Ainda assim, senti uma catarse ao ler tantas outras pessoas a dar voz a este sentimento.
Falta algo nas nossas vidas e na nossa tecnologia. Esta ausência está a alimentar um crescente mal-estar manifestado por muitos que trabalham com tecnologia ou a estudam. É o que impulsiona a nova geração de investigadores de doutoramento e pós-doutoramento com quem trabalho na Universidade de Edimburgo, na Escócia, os quais estão a reunir conhecimentos de artes técnicas, ciências exatas e humanas para tentar descobrir o que falhou com o nosso ecossistema de tecnologia, e como o consertar. Para fazer isso, precisamos de entender como e por que razão as prioridades deste ecossistema mudaram.
O objetivo do desenvolvimento de tecnologia para consumo costumava ser bastante simples: projetar e construir algo de valor para as pessoas, dando-lhes um motivo para comprar a novidade.
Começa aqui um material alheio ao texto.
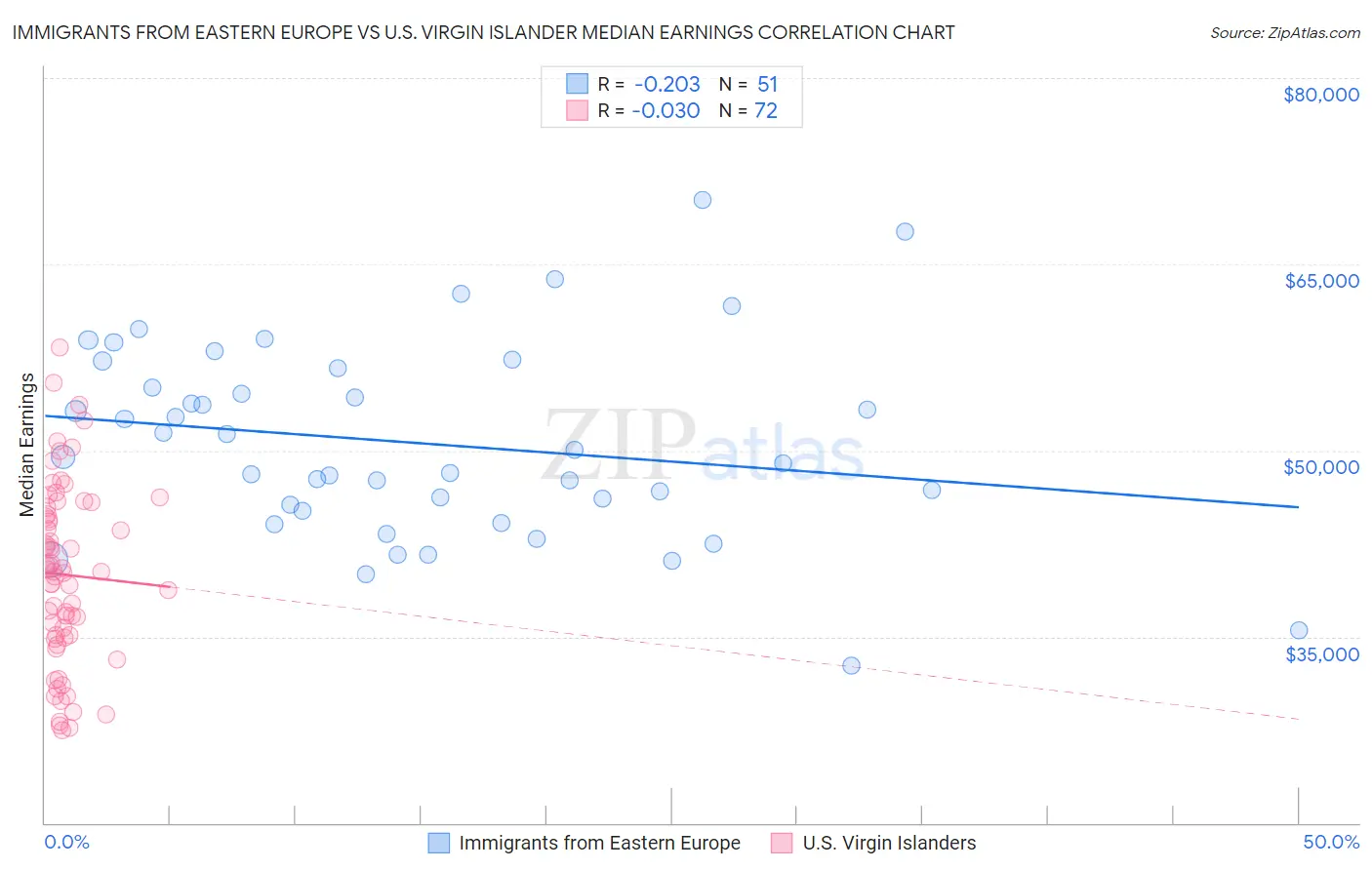 Immigrants from Eastern Europe vs U.S. Virgin Islander Median Earnings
Um frigorífico novo é reluzente, reduz as minhas contas da luz, faz cubos de gelo em formatos giros. Então compro-o. Pronto. Um aspirador Roomba promete aspirar o pelo de gato debaixo do meu sofá enquanto eu durmo uma sesta. Vendido! Mas essa visão da tecnologia está cada vez mais ultrapassada. Não basta um frigorífico manter os alimentos frios; a versão de hoje oferece câmeras e sensores que podem monitorizar como e o que estou a comer, enquanto o Roomba em breve poderá enviar um mapa da minha casa à Amazon.
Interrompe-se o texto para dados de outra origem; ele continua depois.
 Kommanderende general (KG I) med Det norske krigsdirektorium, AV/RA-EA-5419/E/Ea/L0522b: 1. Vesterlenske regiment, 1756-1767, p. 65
A questão aqui vai muito além dos riscos óbvios de privacidade. É uma mudança radical em todo o modelo de inovação e nos incentivos que o impulsionam. Porquê contentar-se com uma única transação lucrativa para a empresa quando pode projetar um produto que irá extrair um fluxo de dados monetizáveis de cada comprador, gerando receitas para a empresa durante vários anos? Após recolher esse rio de informações, irá protegê-lo, mesmo em detrimento do seu cliente. Afinal, se comprar grande parte do mercado, irá conseguir muito bem suportar a raiva e a frustração dos seus clientes. Basta perguntar ao Mark Zuckerberg.
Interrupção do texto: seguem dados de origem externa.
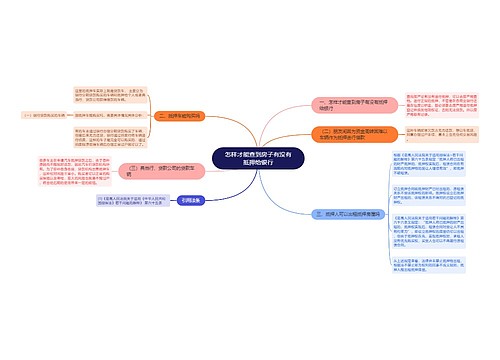 怎样才能查到房子有没有抵押给银行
Não foram apenas a tecnologia de consumo e as plataformas das redes sociais que fizeram parte dessa mudança. A grande marca de tecnologia agrícola John Deere, por exemplo, que antigamente era adorada pelos seus clientes, está a lutar contra um movimento pelo “direito à reparação” conduzido por agricultores furiosos por terem sido proibidos de reparar as suas próprias máquinas. Esta proibição foi imposta para que os agricultores não atrapalhem o envio, feito pelo software patenteado, de dados de alto valor sobre as terras e as colheitas dos agricultores de volta ao fabricante. Assim como observado por alguns utilizadores que comentaram a minha publicação no Twitter, hoje nós somos o produto no mundo da tecnologia, não o principal beneficiário. Os dispositivos mecânicos que costumavam ser o produto são cada vez mais apenas os intermediários.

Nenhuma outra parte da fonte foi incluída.